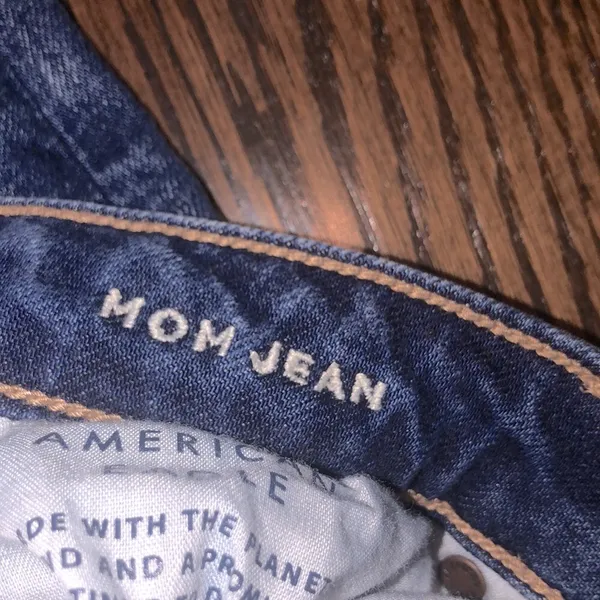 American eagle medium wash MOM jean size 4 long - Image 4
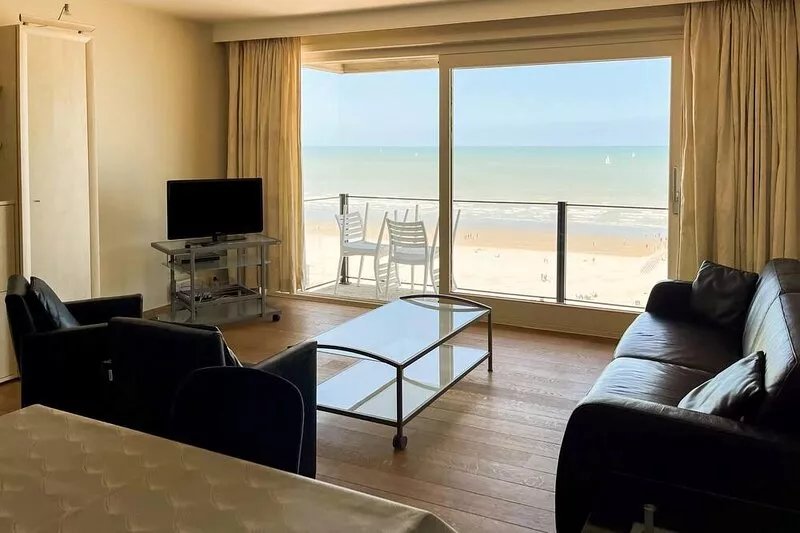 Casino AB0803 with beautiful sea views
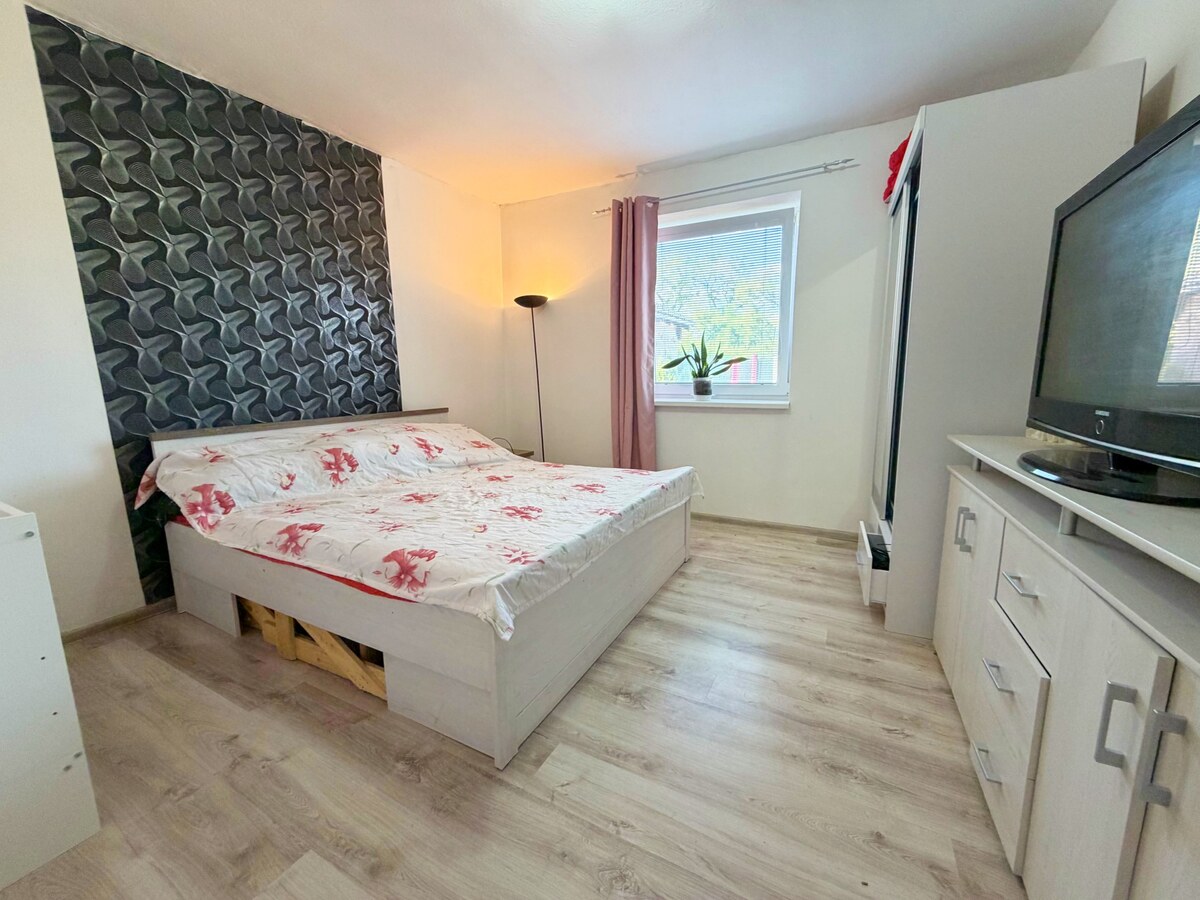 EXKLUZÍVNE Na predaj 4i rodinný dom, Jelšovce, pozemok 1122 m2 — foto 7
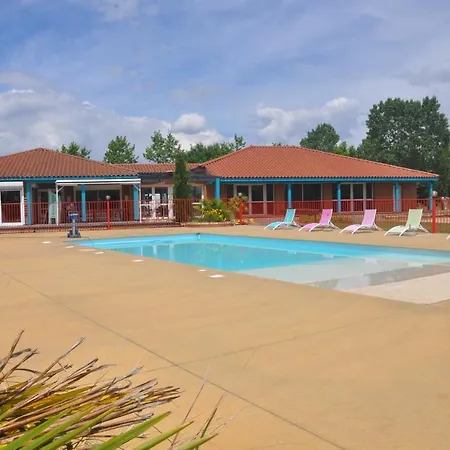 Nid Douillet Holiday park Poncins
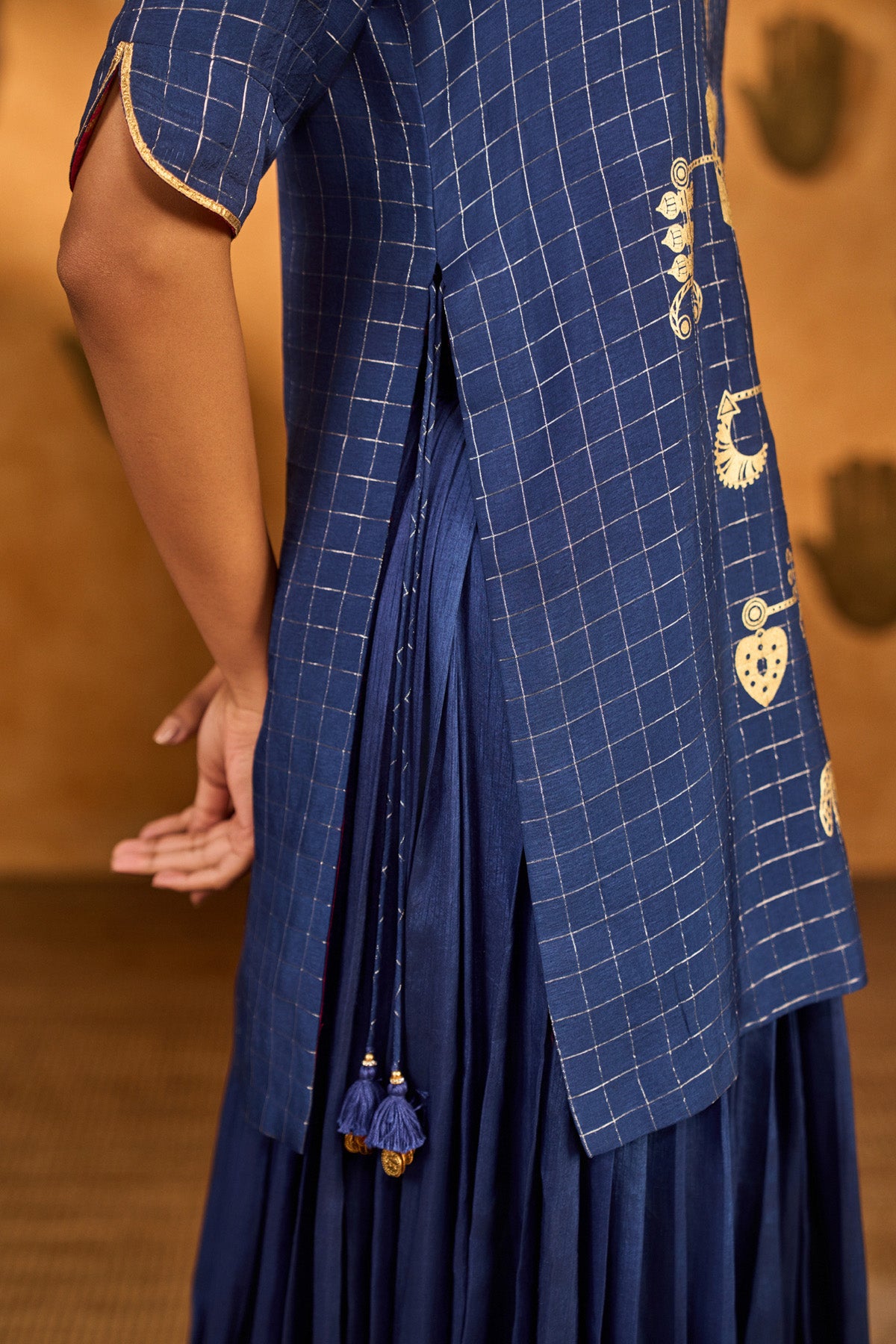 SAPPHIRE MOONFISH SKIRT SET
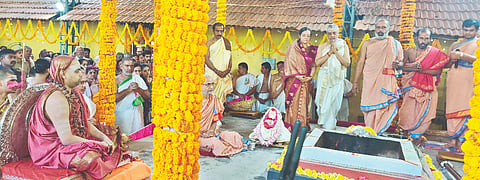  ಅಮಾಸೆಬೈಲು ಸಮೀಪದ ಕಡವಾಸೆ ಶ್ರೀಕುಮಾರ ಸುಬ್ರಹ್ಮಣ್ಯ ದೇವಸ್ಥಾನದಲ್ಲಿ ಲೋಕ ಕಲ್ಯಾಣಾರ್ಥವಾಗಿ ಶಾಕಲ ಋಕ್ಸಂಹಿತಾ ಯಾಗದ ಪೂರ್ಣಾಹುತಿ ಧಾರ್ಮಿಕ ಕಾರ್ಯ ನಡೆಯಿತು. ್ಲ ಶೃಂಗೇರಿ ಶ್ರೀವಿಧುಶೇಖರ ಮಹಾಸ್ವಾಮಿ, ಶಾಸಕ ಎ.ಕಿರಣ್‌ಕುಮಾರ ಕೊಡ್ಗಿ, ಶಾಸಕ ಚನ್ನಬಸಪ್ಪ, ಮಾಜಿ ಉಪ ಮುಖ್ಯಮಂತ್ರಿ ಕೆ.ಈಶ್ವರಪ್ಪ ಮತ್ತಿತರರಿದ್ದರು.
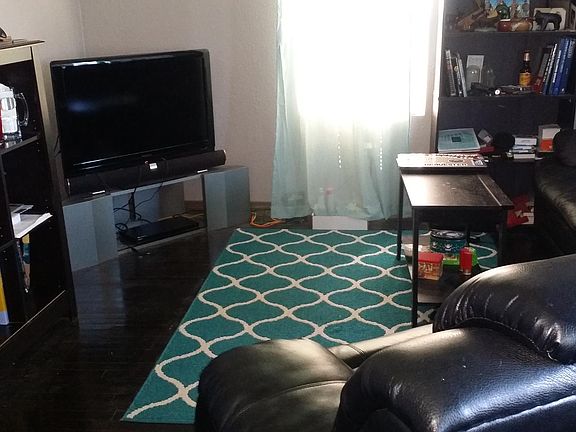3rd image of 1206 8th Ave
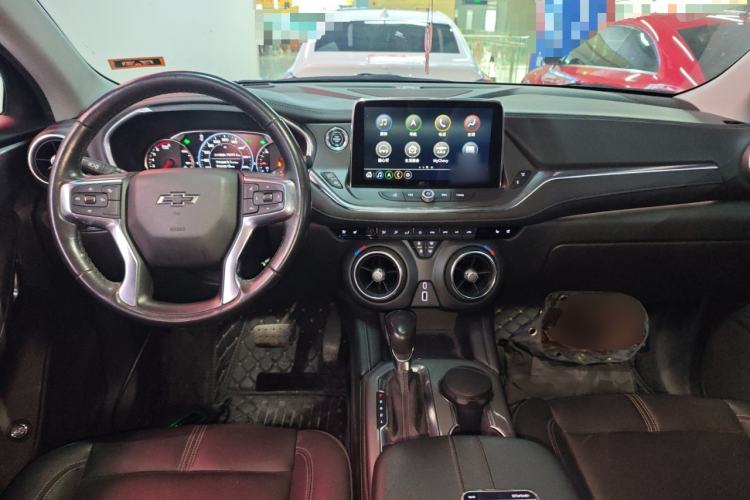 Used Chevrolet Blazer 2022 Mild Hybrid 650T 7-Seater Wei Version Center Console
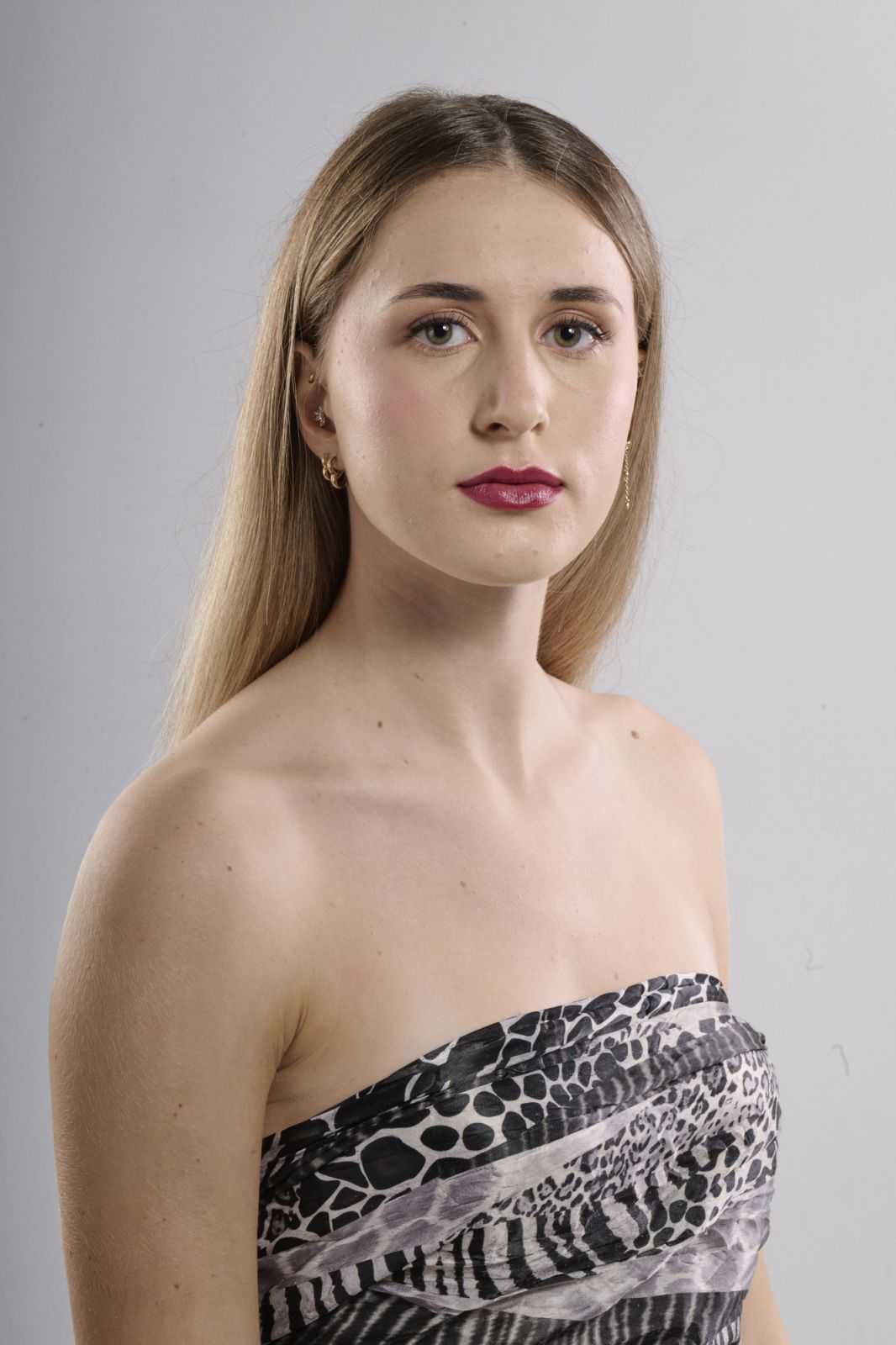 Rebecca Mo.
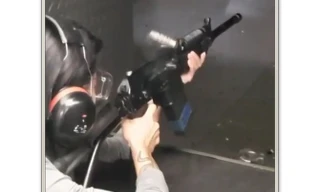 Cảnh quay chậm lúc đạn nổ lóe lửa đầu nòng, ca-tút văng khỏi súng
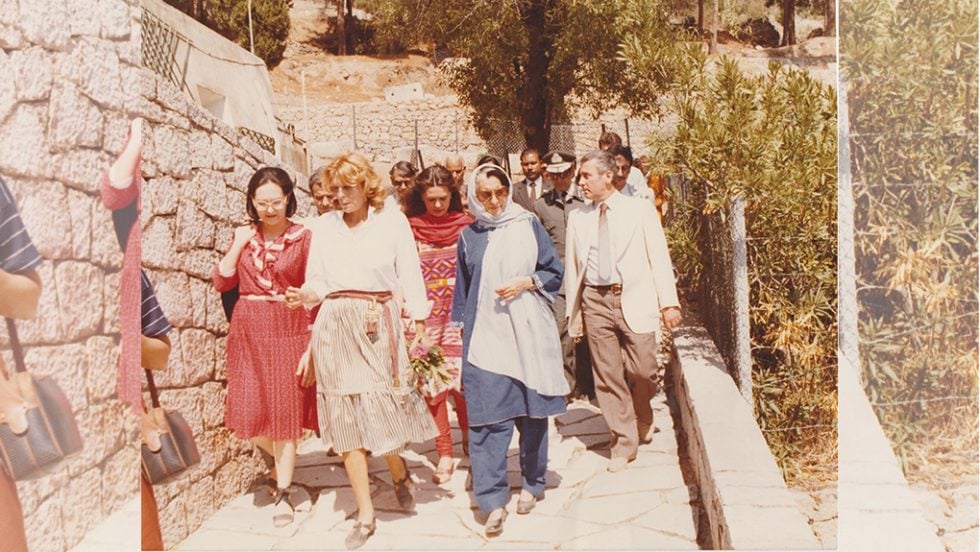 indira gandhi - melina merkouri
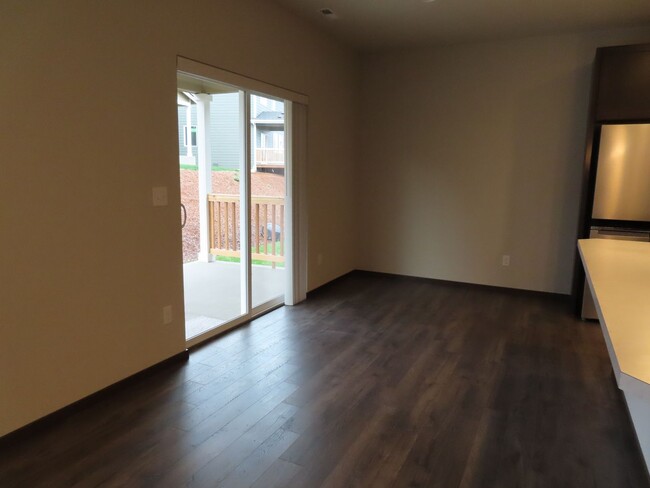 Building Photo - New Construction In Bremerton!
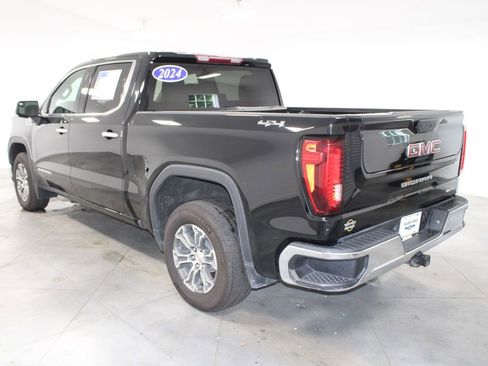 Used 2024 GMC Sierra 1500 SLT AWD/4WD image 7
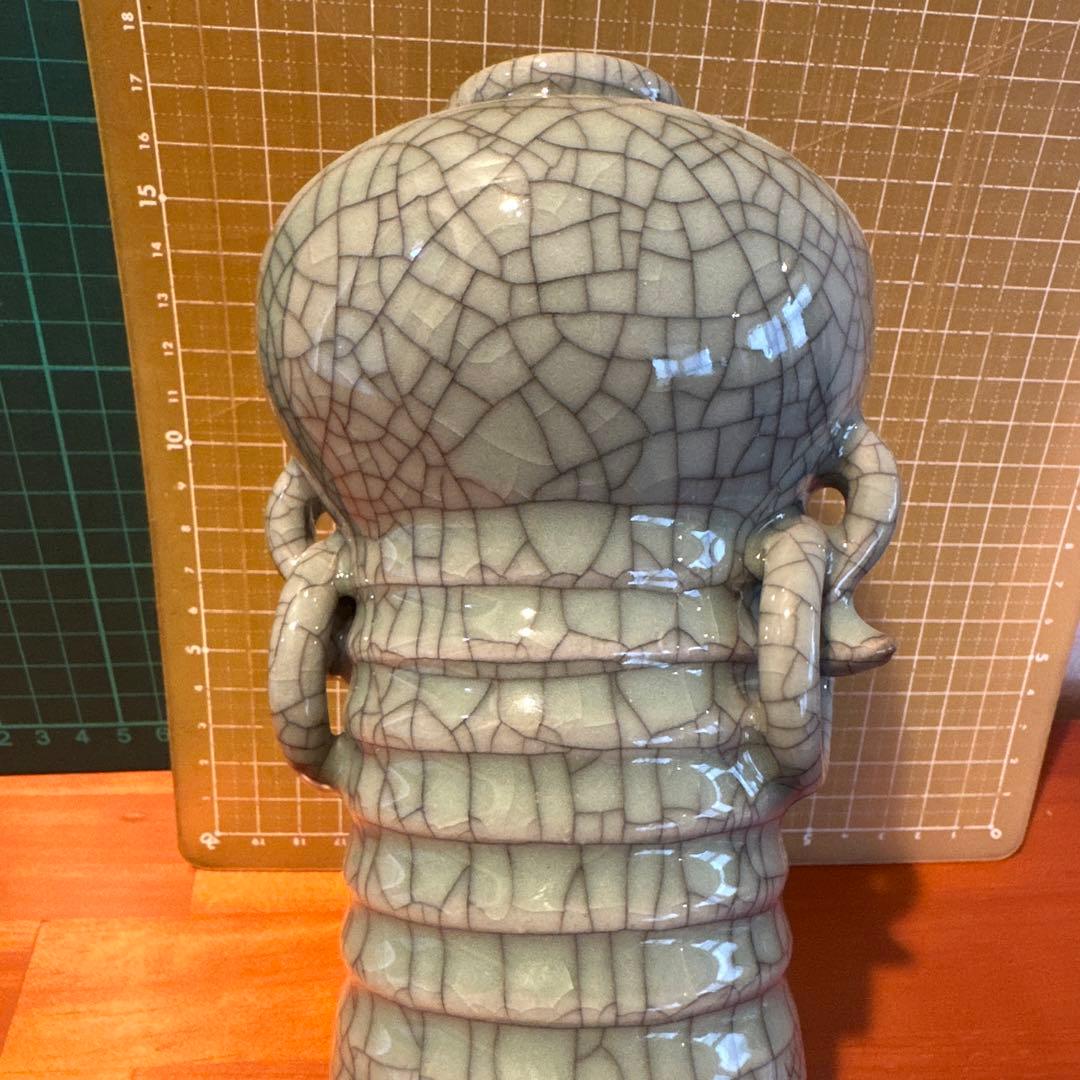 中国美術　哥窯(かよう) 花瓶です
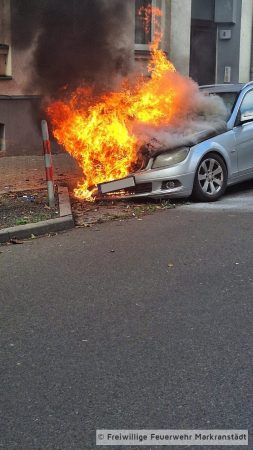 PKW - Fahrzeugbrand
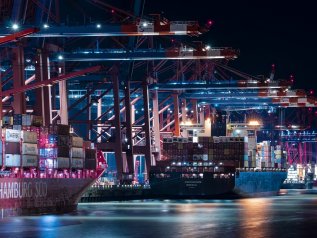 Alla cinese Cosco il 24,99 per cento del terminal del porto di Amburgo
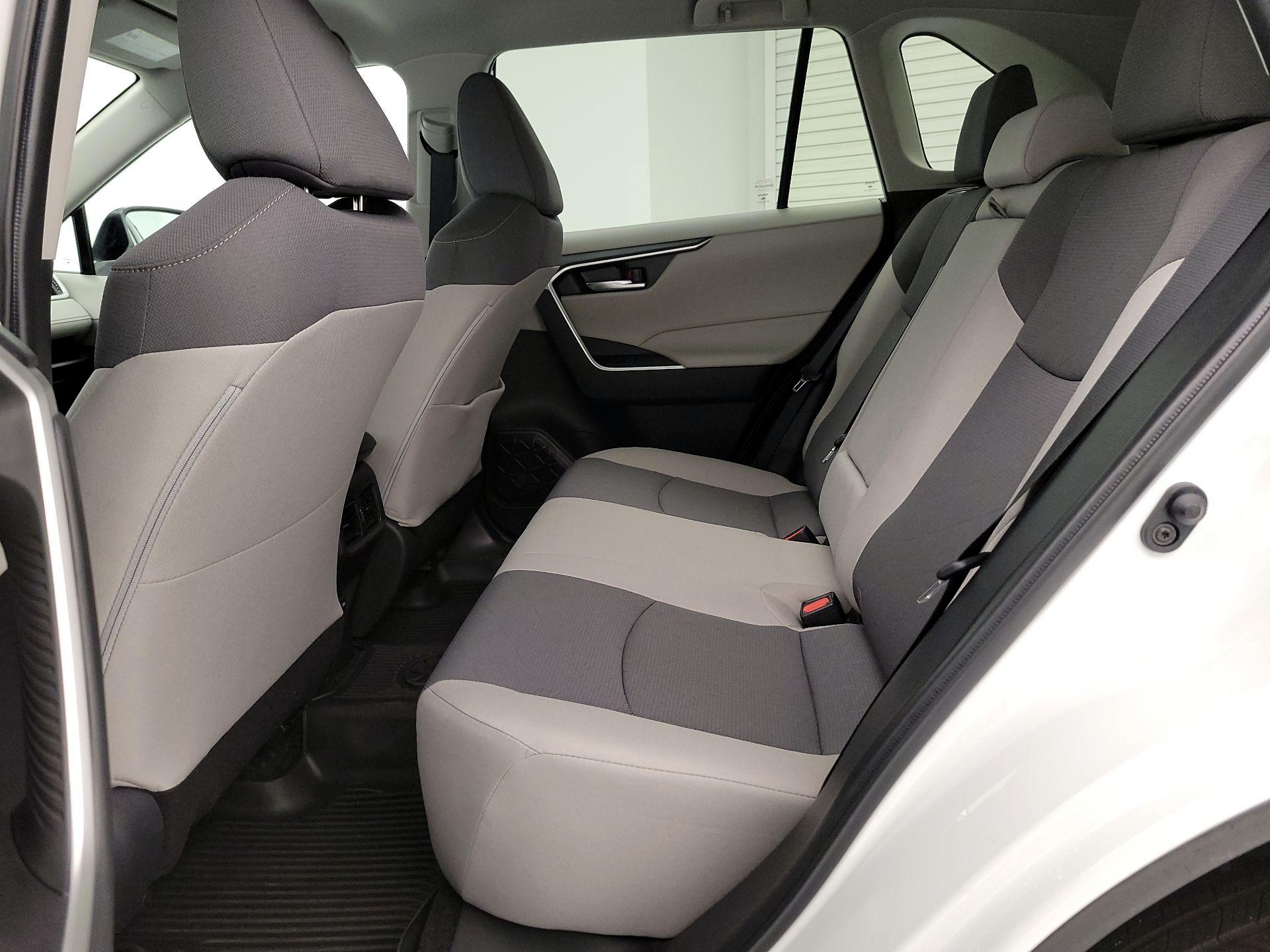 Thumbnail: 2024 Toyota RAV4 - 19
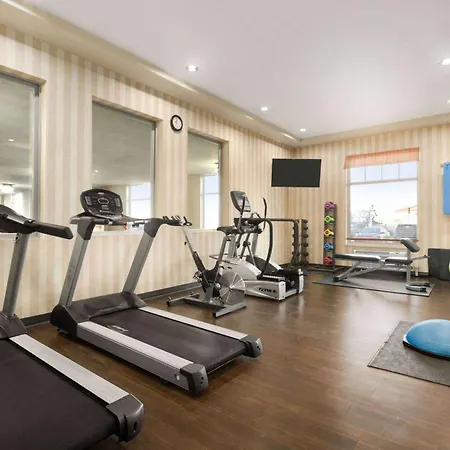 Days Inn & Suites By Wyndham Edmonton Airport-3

---------------

TASK ITEM
Within the listing above, extract exactly the lines that run from the one containing "Nid Douillet Holiday park Poncins" through the one containing "3rd image of 1206 8th Ave", excluding any pictures.

REPLY
 Nid Douillet Holiday park Poncins
 SAPPHIRE MOONFISH SKIRT SET
  ಅಮಾಸೆಬೈಲು ಸಮೀಪದ ಕಡವಾಸೆ ಶ್ರೀಕುಮಾರ ಸುಬ್ರಹ್ಮಣ್ಯ ದೇವಸ್ಥಾನದಲ್ಲಿ ಲೋಕ ಕಲ್ಯಾಣಾರ್ಥವಾಗಿ ಶಾಕಲ ಋಕ್ಸಂಹಿತಾ ಯಾಗದ ಪೂರ್ಣಾಹುತಿ ಧಾರ್ಮಿಕ ಕಾರ್ಯ ನಡೆಯಿತು. ್ಲ ಶೃಂಗೇರಿ ಶ್ರೀವಿಧುಶೇಖರ ಮಹಾಸ್ವಾಮಿ, ಶಾಸಕ ಎ.ಕಿರಣ್‌ಕುಮಾರ ಕೊಡ್ಗಿ, ಶಾಸಕ ಚನ್ನಬಸಪ್ಪ, ಮಾಜಿ ಉಪ ಮುಖ್ಯಮಂತ್ರಿ ಕೆ.ಈಶ್ವರಪ್ಪ ಮತ್ತಿತರರಿದ್ದರು.
3rd image of 1206 8th Ave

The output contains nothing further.